A Resilient Year for USDC Amidst Market Shifts
Circle, the issuer of the USD Coin (USDC), released its “State of the USDC Economy,” covering current key trends and shifting dynamics in USDC and the “new internet financial system.”
2023 was a challenging year for USDC. The stablecoin, which is pegged to the U.S. dollar and backed by liquid cash and cash-equivalent assets, witnessed a decrease in its circulating supply from $45 billion to $25 billion – a 44% decline. This reduction was largely attributed to a shift of assets from the crypto ecosystem to traditional markets, spurred by opportunities brought on by rising interest rates, regulatory pressures, industry bankruptcies, and fraud incidents.
However, in a counterbalancing act, the number of wallets holding at least $10 of USDC soared by 59%, totaling over 2.7 million. This growth occurred amidst a broader contraction in the crypto sector, a move the report considers a signal of confidence in USDC. The stablecoin was an important bridge between the crypto asset economy and traditional finance, with over $197 billion of USDC issued or burned throughout the year.
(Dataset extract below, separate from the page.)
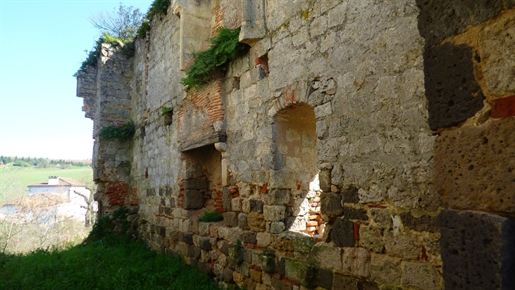 In der Nähe von Agen Castle XIII. Jahrhundert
The Asia-Pacific region, in particular, has witnessed a surge in USDC usage for remittances, with $130 billion flowing into the region in 2022. Circle’s efforts in this region included a partnership with Coins.ph, a Philippines-based exchange, targeting the $36 billion remittance market. The report also states that USDC is playing an important role in addressing the $510 billion trade finance gap in emerging markets.
The report highlights a significant increase in the use of USDC for practical purposes, like remittances and trade finance. Concurrently, it notes a substantial decrease in USDC’s role in speculative trading, which has declined by 90% over the past five years.